On the other hand, the IAEA and Dr. El-Baradei have, in the words of the Norwegian Nobel Committee, exemplified the principle that the threat of nuclear weapons proliferation “must be met through the broadest possible international cooperation.” 1 Indeed, the choice of the Norwegian Nobel Committee—like their choice three years earlier—was at least in part meant to challenge the dangerous unilateral policies of the Bush administration.

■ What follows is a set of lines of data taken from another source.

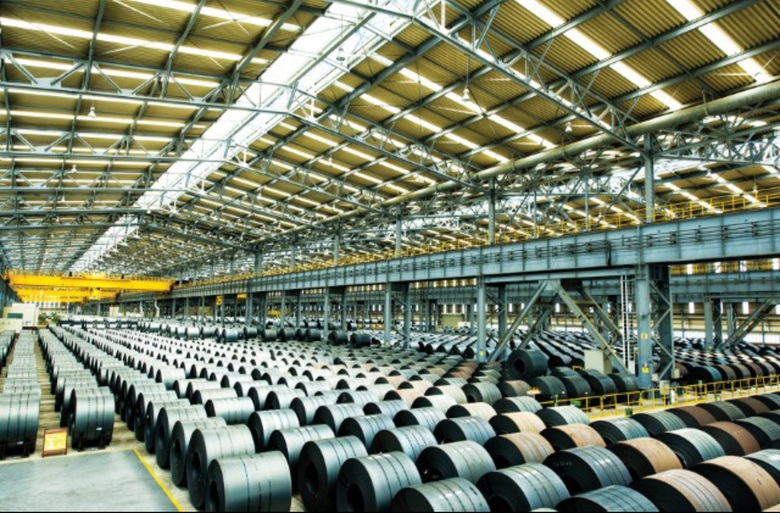 Hà Tĩnh tăng tốc phát triển công nghiệp từ các dự án động lực chiến lược- Ảnh 1. Hà Tĩnh tăng tốc phát triển công nghiệp từ các dự án động lực chiến lược- Ảnh 1.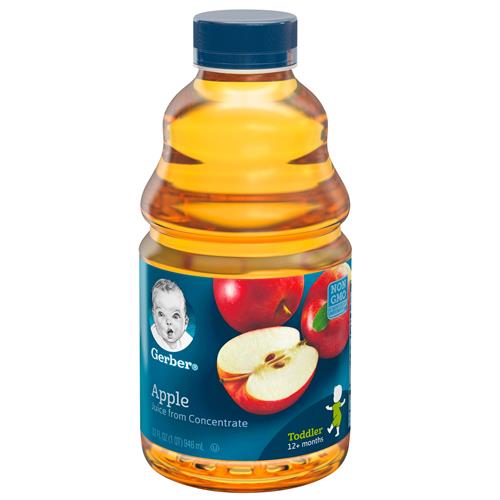 Gerber Fruit Juice 32 fl oz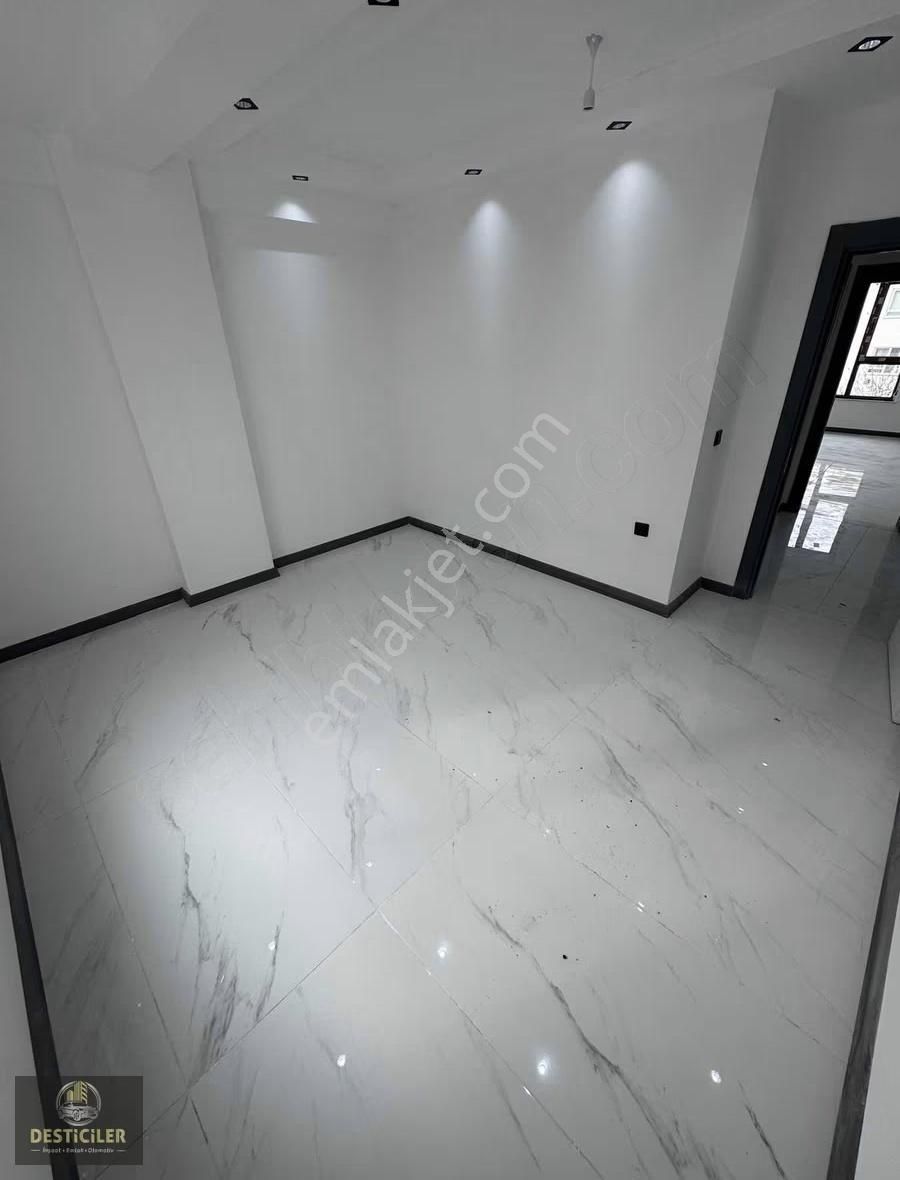 Ad-desticiler Ertaş Ve Aqua Park Yakını 2+1 Özel Garajlı Daire - Görsel 3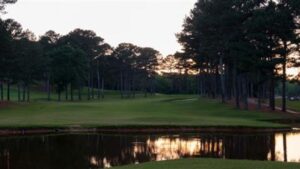 Horse Creek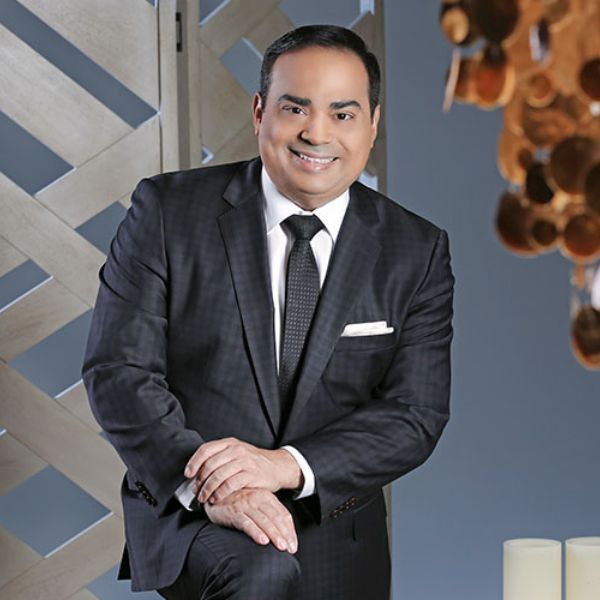 Gilberto Santa Rosa
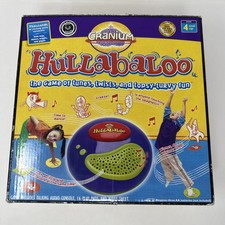 Cranium hullabaloo game for sale  Aurora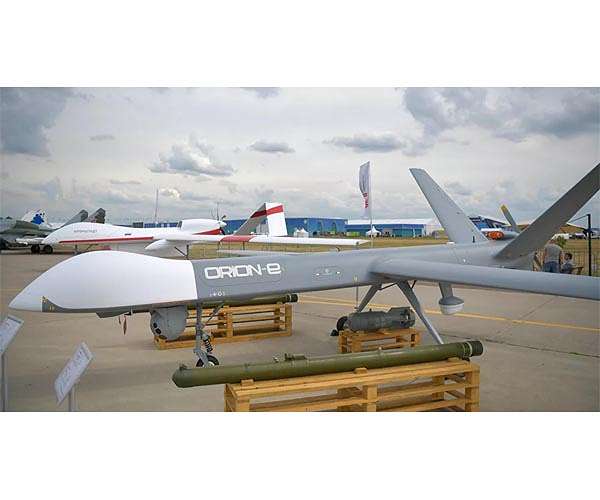 Russian drones in Poland put NATO to the test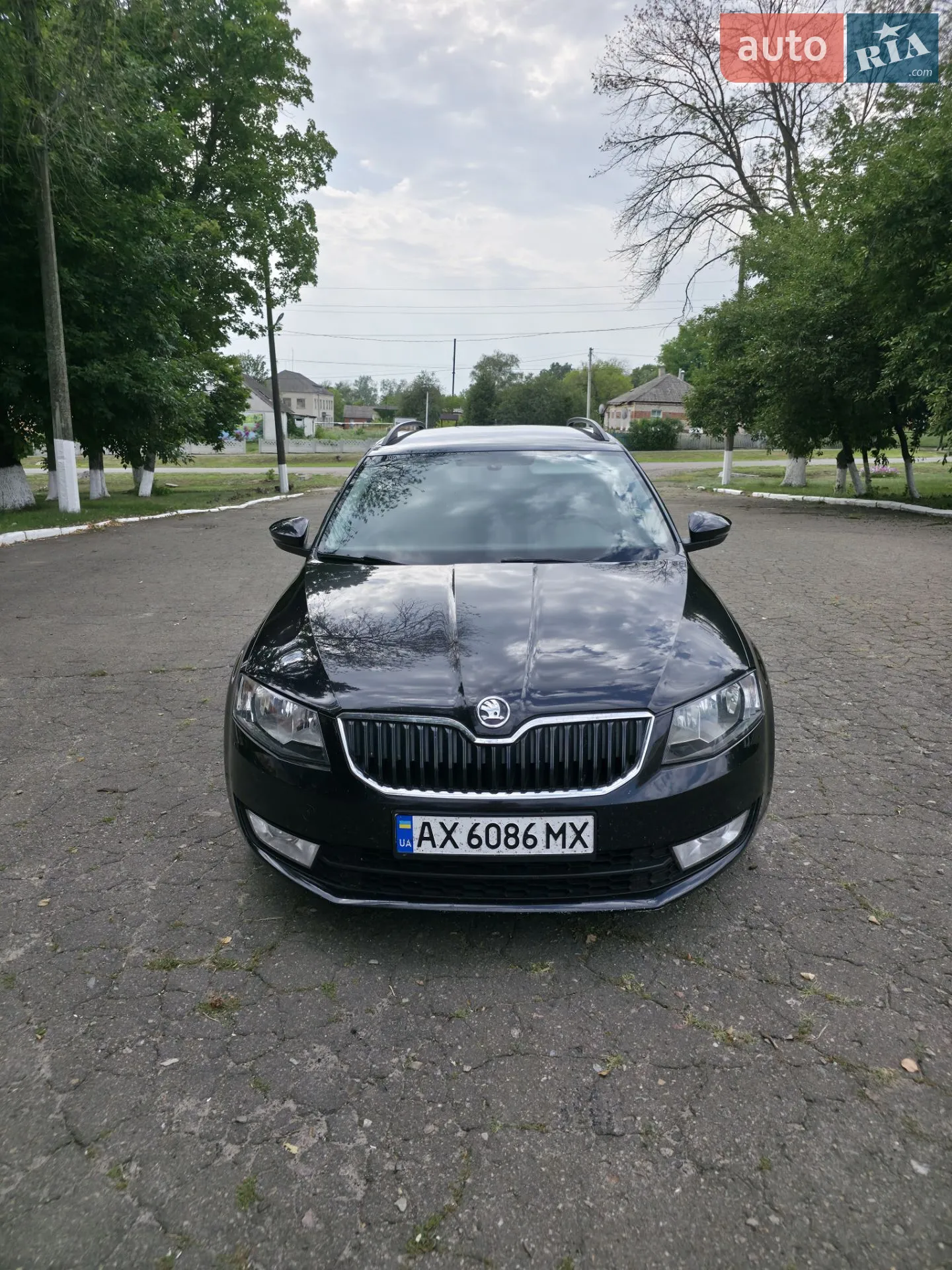 2016 Skoda Octavia - мініатюра 9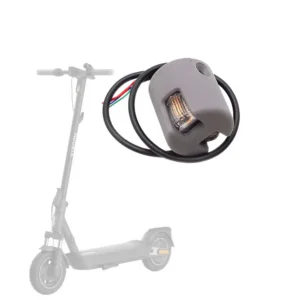 Indicador frontal derecho Xiaomi Scooter 5 Pro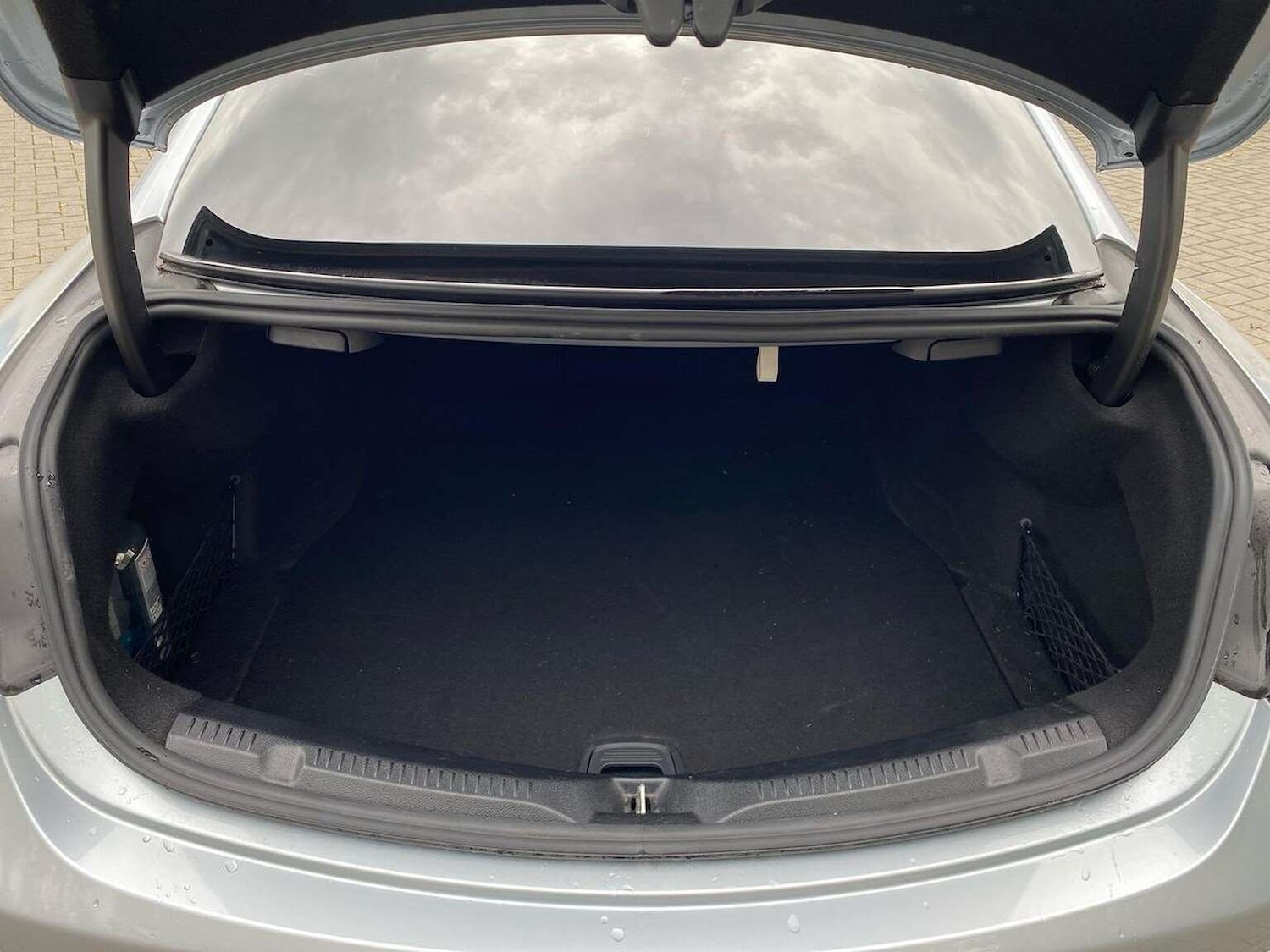 Used Mercedes-Benz E Class 2023 for sale - 77991821: Photo 17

The Bush administration, backed by a large bipartisan majority of Congress, has long opposed the principle that nuclear non-proliferation should be monitored and enforced by a law-based international body but should instead be at the whim of the U.S. government. The Bush administration and congressional leaders of both parties have rejected calls by El-Baradei and others for a nuclear weapons-free zone for Southwest Asia and the Middle East, with the United States blocking a December 2003 UN Security Council resolution to that effect with a threatened veto. Both Republicans and Democrats have asserted that the United States gets to determine which governments can have nuclear weapons and which governments cannot. For example, the United States has blocked enforcement of UN Security Council resolution 478 calling on Israel to place its nuclear program under the trusteeship of the International Atomic Energy Agency and resolution 1172 calling on Pakistan and India to eliminate their nuclear weapons program while insisting on going to war to enforce resolutions addressing Iraq’s nuclear program (even though Iraq, at the time of the March 2003 U.S. invasion, was already in full compliance).

IAEA Under Fire

Given that the IAEA—as part of the United Nations system—represents such universality, it has been a target of unremitting hostility by the Bush administration and its congressional allies, particularly in regard to Iraq. With President George W. Bush going as far as to claim that the IAEA’s rigorous inspection regime in Iraq was tantamount to “doing nothing,” 2 the Nobel Committee’s finding that its work was “incalculably” important 3 is significant.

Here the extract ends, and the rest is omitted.